Could you retype the whole listing word for word and drop the images?

BEGIN

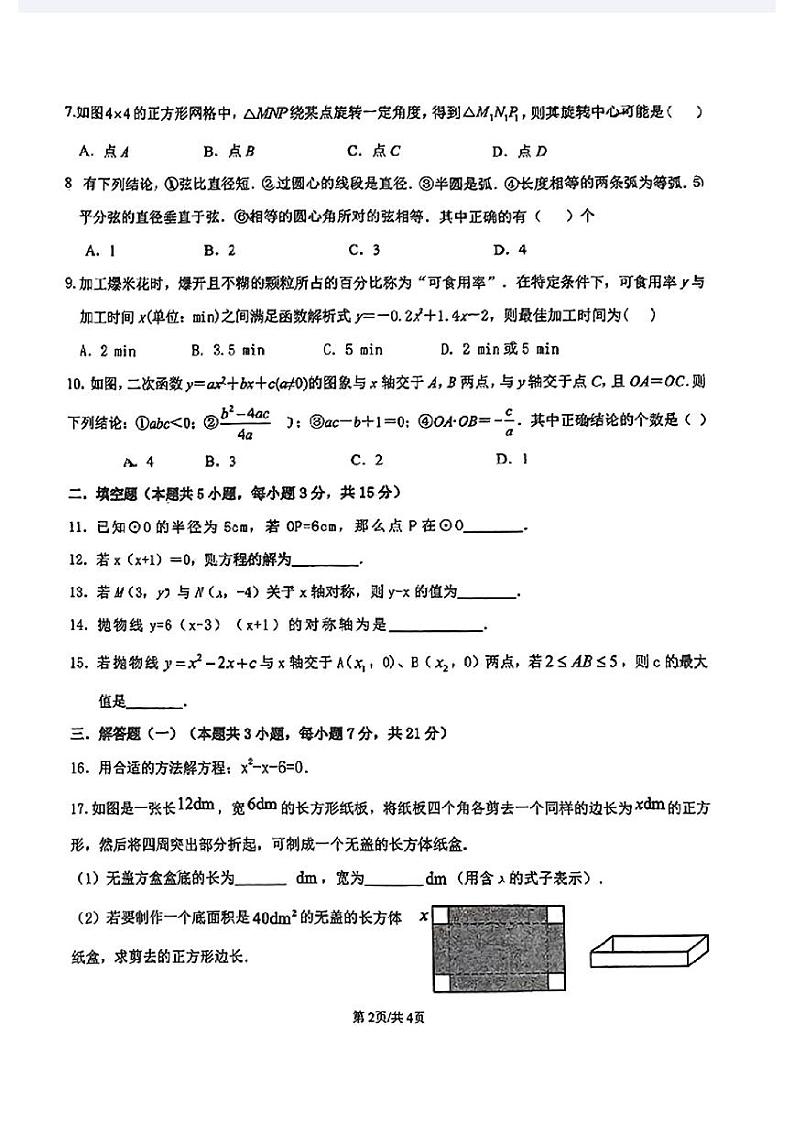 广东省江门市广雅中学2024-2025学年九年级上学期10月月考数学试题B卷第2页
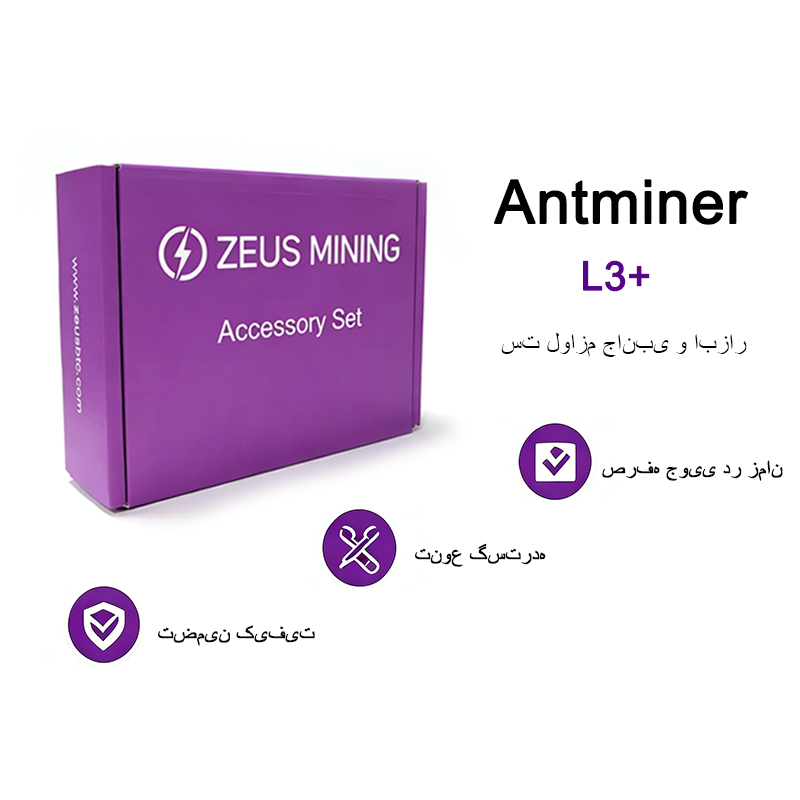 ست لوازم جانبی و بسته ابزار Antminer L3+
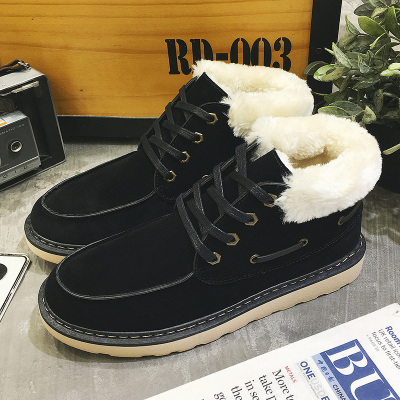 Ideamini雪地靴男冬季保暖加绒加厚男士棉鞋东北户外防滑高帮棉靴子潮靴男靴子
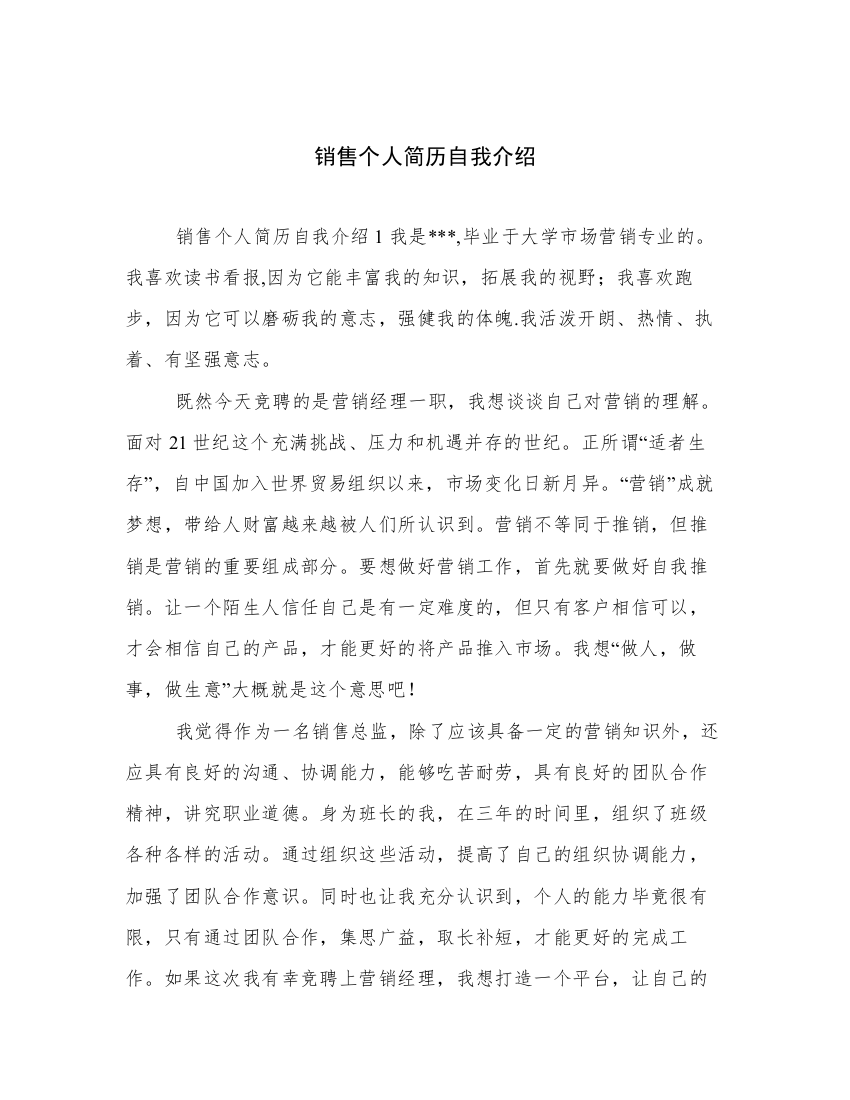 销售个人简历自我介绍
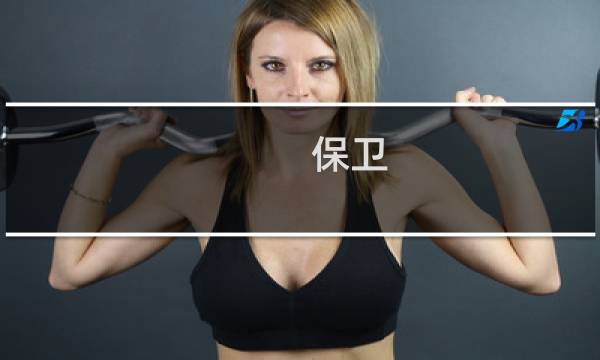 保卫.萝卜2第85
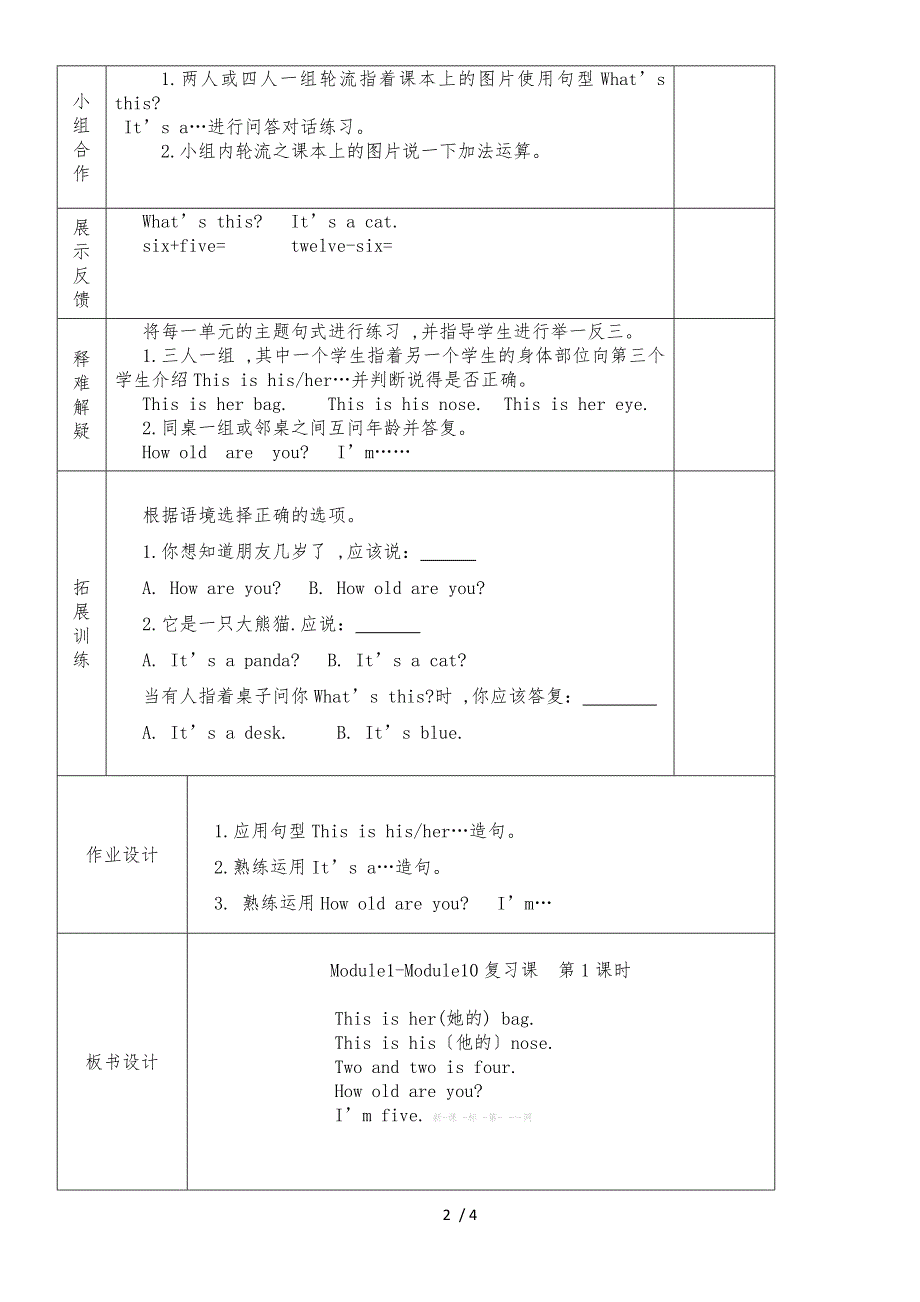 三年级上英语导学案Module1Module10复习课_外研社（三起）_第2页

END

● TASK RESULT:
 广东省江门市广雅中学2024-2025学年九年级上学期10月月考数学试题B卷第2页
 ست لوازم جانبی و بسته ابزار Antminer L3+
 Ideamini雪地靴男冬季保暖加绒加厚男士棉鞋东北户外防滑高帮棉靴子潮靴男靴子
 销售个人简历自我介绍
 保卫.萝卜2第85
 三年级上英语导学案Module1Module10复习课_外研社（三起）_第2页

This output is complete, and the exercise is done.